O CPC 37 estabelece que as primeiras demonstrações contábeis de uma entidade em IFRS devem ser transparentes, comparáveis e proporcionar um ponto de partida adequado para as contabilizações de acordo com as IFRSs, sem que o custo de implementação supere os benefícios.
Entre os principais pontos do CPC 37, destacam-se:
Reconhecimento e mensuração de ativos e passivos de acordo com as IFRSs na data de transição.
Uso de políticas contábeis consistentes para todos os períodos apresentados.

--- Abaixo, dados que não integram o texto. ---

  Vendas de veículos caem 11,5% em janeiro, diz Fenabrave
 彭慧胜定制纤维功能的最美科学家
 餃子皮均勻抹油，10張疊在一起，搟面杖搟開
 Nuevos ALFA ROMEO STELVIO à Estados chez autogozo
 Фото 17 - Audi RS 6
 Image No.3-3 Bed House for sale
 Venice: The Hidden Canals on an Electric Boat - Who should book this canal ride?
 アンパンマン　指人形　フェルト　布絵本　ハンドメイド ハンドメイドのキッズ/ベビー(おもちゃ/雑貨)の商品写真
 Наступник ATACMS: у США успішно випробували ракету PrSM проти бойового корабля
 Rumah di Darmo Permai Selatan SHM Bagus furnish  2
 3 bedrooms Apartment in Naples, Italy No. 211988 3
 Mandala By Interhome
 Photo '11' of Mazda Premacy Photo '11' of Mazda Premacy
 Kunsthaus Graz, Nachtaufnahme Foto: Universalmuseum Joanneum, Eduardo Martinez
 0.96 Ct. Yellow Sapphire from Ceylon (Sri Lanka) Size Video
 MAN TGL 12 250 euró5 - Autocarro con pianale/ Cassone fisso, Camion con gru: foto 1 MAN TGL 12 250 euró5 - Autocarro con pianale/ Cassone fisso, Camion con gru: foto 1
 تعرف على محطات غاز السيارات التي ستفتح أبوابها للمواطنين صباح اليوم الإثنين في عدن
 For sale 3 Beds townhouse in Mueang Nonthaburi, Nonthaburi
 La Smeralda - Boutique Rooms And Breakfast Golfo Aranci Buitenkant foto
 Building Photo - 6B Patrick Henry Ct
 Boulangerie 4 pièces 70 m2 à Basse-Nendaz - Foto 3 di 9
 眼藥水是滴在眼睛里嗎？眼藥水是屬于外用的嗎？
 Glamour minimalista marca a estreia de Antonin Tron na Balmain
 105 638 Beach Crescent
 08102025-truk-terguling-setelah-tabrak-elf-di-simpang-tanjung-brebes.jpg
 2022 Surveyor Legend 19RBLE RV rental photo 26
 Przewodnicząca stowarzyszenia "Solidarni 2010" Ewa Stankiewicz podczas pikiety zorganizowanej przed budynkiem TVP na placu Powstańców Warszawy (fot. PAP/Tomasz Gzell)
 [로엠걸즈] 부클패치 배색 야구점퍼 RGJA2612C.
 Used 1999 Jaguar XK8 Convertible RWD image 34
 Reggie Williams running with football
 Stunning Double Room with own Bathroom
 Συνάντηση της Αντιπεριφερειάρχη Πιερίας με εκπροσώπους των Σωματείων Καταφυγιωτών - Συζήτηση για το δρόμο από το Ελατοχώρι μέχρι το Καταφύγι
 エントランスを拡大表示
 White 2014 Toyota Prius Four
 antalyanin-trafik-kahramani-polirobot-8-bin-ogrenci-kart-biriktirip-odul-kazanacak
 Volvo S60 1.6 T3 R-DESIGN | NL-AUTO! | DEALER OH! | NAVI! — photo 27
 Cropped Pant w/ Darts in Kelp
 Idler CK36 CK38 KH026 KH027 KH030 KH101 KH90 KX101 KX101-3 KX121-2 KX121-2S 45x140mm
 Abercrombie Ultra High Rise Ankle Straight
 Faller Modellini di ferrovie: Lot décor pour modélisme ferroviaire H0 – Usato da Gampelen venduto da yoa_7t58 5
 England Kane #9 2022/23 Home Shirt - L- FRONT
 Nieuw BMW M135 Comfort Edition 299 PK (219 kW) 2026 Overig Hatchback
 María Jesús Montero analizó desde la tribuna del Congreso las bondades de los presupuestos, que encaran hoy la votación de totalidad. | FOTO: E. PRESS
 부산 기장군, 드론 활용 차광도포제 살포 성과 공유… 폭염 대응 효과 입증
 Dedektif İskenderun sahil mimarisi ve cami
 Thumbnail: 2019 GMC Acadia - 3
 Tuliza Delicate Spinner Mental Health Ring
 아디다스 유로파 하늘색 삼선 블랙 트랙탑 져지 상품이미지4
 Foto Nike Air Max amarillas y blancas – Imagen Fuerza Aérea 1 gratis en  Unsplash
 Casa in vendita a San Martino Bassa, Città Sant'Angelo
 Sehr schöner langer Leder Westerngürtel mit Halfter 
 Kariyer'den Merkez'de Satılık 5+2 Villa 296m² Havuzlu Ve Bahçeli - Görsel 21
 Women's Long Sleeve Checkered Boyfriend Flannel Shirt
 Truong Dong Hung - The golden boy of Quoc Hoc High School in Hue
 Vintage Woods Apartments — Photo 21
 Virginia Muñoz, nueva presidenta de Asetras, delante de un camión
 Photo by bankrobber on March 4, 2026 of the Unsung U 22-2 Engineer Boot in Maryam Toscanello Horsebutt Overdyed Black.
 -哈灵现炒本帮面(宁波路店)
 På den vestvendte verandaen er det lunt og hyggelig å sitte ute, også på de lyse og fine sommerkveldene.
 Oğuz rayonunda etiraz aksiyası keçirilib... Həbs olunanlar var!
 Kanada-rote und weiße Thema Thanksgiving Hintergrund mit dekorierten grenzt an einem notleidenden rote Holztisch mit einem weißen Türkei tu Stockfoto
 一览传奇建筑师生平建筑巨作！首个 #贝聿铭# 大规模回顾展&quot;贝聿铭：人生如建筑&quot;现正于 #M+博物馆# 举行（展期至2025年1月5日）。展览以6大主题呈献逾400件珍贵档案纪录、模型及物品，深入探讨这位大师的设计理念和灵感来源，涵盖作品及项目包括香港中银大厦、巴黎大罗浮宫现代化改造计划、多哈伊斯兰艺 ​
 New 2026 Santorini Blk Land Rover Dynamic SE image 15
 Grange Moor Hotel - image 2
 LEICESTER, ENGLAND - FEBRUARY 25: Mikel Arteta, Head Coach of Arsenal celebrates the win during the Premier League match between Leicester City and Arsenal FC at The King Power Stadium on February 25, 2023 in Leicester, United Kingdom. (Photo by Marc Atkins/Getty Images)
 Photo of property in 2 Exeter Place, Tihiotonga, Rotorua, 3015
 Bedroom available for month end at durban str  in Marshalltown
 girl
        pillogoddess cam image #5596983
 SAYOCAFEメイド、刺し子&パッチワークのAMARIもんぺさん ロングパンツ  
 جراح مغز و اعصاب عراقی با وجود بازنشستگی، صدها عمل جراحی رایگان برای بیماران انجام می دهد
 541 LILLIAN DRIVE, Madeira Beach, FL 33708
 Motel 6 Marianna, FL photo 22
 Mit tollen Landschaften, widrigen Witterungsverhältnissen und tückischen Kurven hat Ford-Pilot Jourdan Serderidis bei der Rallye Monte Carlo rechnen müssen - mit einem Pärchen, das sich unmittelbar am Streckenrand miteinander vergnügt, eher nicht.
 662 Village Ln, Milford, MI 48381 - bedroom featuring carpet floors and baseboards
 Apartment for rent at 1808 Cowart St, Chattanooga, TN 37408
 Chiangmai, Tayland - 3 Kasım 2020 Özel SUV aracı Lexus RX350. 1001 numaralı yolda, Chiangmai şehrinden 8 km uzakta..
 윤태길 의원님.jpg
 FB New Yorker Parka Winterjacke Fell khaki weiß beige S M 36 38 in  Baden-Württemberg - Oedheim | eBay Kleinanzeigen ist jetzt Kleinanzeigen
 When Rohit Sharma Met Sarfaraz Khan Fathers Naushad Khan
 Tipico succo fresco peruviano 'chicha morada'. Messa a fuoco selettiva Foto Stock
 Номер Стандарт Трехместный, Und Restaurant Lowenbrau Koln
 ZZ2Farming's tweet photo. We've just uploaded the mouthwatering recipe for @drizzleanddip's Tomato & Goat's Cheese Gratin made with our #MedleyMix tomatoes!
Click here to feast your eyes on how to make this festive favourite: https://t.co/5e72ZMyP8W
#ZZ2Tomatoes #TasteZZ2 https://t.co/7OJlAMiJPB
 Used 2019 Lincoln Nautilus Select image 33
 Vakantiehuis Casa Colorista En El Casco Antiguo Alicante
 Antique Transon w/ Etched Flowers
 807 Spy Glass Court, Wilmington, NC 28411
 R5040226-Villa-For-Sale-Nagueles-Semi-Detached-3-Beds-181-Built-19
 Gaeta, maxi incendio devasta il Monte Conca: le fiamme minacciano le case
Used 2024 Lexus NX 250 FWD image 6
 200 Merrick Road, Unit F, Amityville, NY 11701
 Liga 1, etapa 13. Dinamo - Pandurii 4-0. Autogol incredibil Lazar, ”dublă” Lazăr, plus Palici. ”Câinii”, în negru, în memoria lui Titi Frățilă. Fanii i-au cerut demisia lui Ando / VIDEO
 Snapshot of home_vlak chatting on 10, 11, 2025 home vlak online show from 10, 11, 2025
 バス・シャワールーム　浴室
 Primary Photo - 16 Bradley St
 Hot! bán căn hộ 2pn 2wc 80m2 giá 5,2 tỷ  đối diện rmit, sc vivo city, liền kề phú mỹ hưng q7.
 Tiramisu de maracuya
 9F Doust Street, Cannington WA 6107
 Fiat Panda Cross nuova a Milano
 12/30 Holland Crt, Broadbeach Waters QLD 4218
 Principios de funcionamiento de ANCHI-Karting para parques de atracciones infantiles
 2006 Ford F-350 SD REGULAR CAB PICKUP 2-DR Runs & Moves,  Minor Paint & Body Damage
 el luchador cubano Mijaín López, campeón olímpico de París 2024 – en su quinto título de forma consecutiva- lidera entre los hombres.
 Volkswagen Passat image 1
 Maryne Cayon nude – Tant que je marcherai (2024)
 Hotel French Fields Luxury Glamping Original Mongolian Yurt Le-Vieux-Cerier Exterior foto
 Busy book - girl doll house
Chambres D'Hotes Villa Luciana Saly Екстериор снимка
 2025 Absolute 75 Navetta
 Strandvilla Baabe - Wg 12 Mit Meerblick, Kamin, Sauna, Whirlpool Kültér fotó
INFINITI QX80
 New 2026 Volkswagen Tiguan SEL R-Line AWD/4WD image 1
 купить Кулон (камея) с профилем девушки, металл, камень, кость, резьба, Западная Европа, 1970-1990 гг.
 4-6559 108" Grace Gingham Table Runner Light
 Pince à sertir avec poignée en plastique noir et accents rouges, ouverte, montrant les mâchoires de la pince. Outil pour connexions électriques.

Exceções à aplicação retrospectiva de outras IFRSs, como desreconhecimento de ativos financeiros e passivos financeiros e contabilidade de hedge.
Possibilidade de uso de custo atribuído (deemed cost) para determinados ativos.
Exigência de apresentação de informações comparativas e explicação da transição para as IFRSs.
A deliberação também inclui apêndices que detalham exceções e isenções específicas, como para combinações de negócios e benefícios a empregados.